Dicho así parece que esté hablando de una suerte de narración transmedia prendida de hipervínculos. Pero lo suyo es la escena, concretamente el espectáculo performático (corriente teatral en la que Marquerie se ha volcado en los últimos años de la mano de artistas como Angélica Liddell y Rocío Molina).
Y su fórmula se adapta a su pretensión de bucear en los intersticios de los versos de Lorca y extraer imágenes y evocaciones del sentimiento y del dolor del poeta con las variadas herramientas citadas (palabra, títeres, materiales plásticos y sonoros, cante, danza…). De entrada, cuadra bien con un poema surrealista. Sin embargo, el conjunto con toda su ambición integradora del universo Lorca y toda su intención de huir de los tópicos- tiene algo de batiburrillo, dispersión que por otro lado no sé si es premeditada.
Cuenta con una colaboración de lujo, el Niño de Elche. Su voz flamenca es eje lírico musical sobre el que pivota este collage de marionetas, actores y escenas visuales vivientes, la mejor compañía que encuentra la palabra de Lorca en el espectáculo porque habla por él.
Firma la dirección musical, los arreglos y las canciones, que siguen el mismo planteamiento de Marquerie: creaciones originales que no adaptan los poemas, sino que plasman lo que al cantante le sugieren y en las que a veces integra melodías y guiños a canciones populares del poeta. Oímos la soberbia jondura rimbomba del alicantino, que además exhibe cierta virtualidad artística, ya que se presta a ser actor e interactuar con el resto de intérpretes a veces incluso como elemento plástico o marioneta.
Al alimón con Pedro G. Romero, Marquerie ha estructurado el espectáculo en seis cuadros -paneles los denominan-. Roban el título a algunos epígrafes en los que Bergamín dividió el poemario o a los poemas que lo integran. Los tres primeros paneles se siguen bien: "Poemas de la soledad en Columbia University"; "Los negros"; "Calles y sueños". Hablan de la brutal impresión que causó Nueva York en el poeta como metrópoli inhumana, sociedad industrial, atroz escenario de multitudes anónimas. Observador doliente y viviente, el poeta hace causa de las clases deprimidas mostrando su simpatía por los negros.

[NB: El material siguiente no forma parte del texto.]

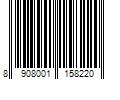 Barcode Image for UPC code 8908001158220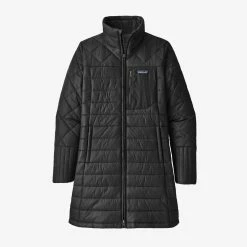 Best reviews of 🔥 PATAGONIA INC. Patagonia 👩 Women's Radalie Parka Jacket- Black 🤩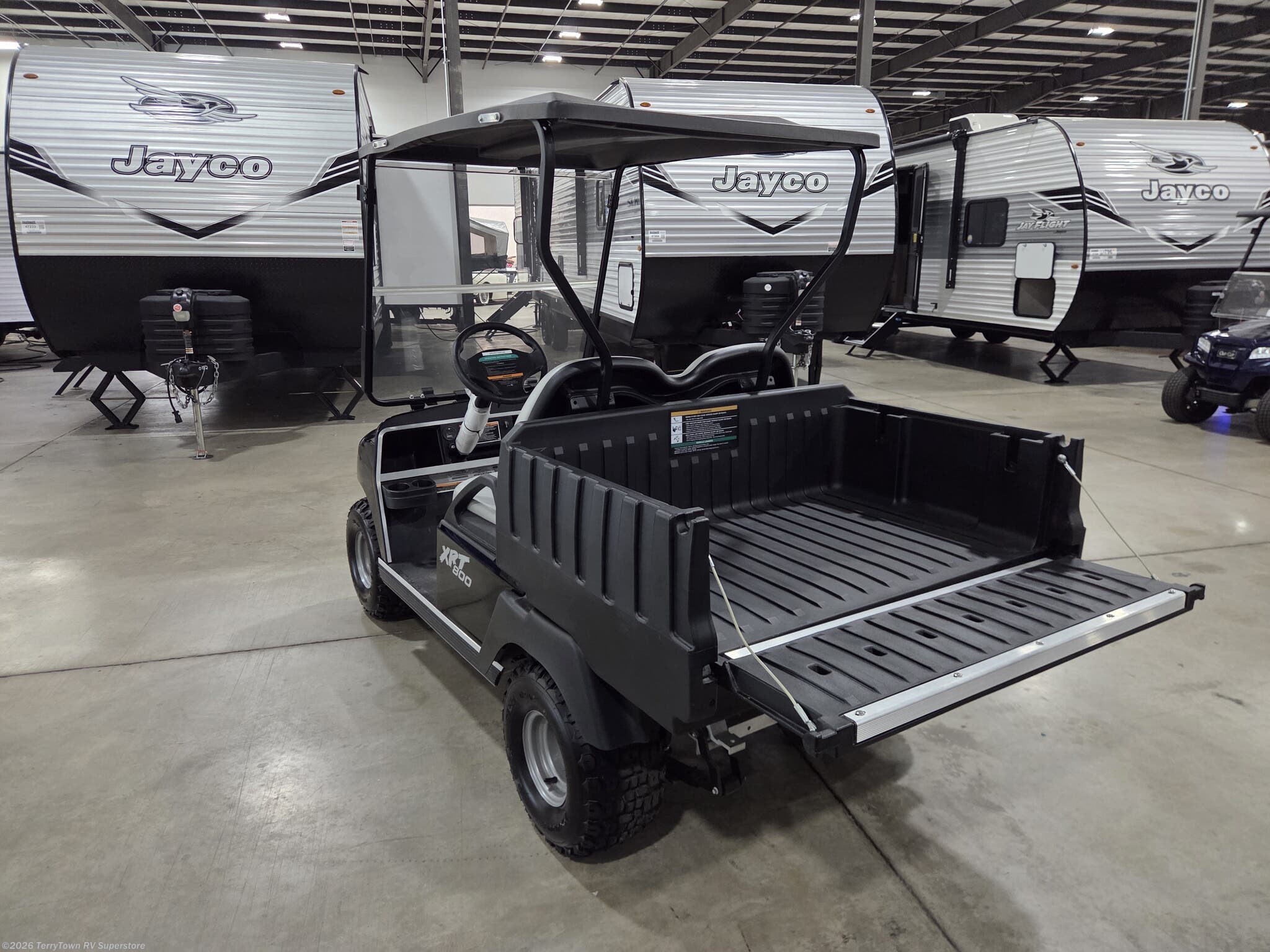 New 2024 Miscellaneous  CLUB CAR XRT 800 Gas available in Grand Rapids, Michigan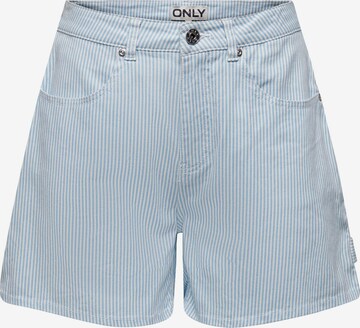 ONLY Loosefit Shorts 'VOX' in Blau: predná strana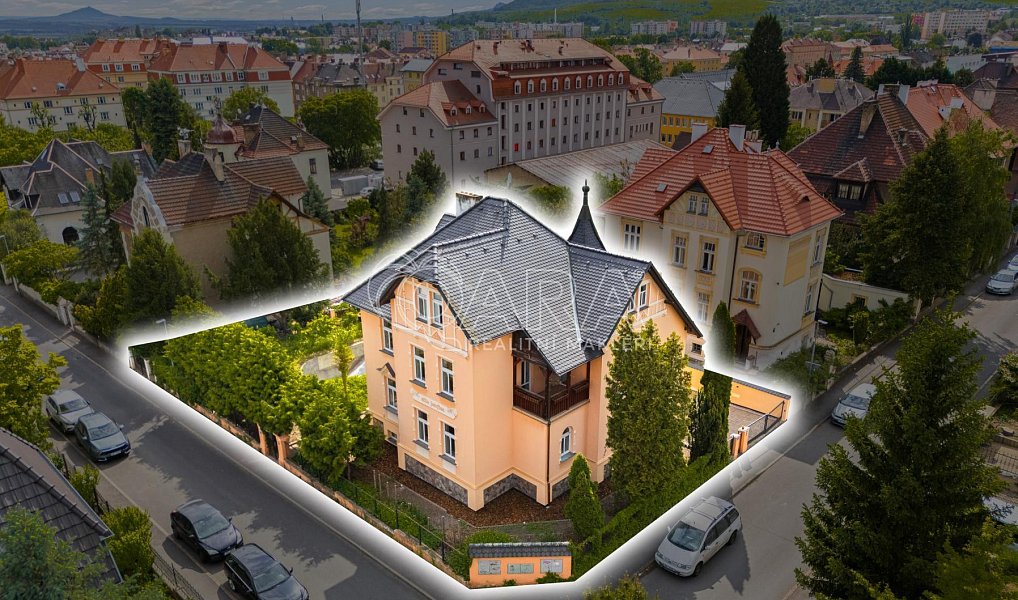 Prodej domu 343 m² s pozemkem 744 m², Litoměřice – náhled fotky 34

Uno de los momentos más emocionante llega con el cuarto panel, cuando el bailarín y actor Jesús Rubio Gamo recita la "Oda a Walt Whitman", una larga tirada de versos que el actor nos ofrece con hondura y magnetismo; es un sentido poema donde Lorca se reconcilia con su sexualidad, habla de su admiración por el cuerpo de otros hombres y denuncia el vulgar comercio secreto de los "maricas" chaperos.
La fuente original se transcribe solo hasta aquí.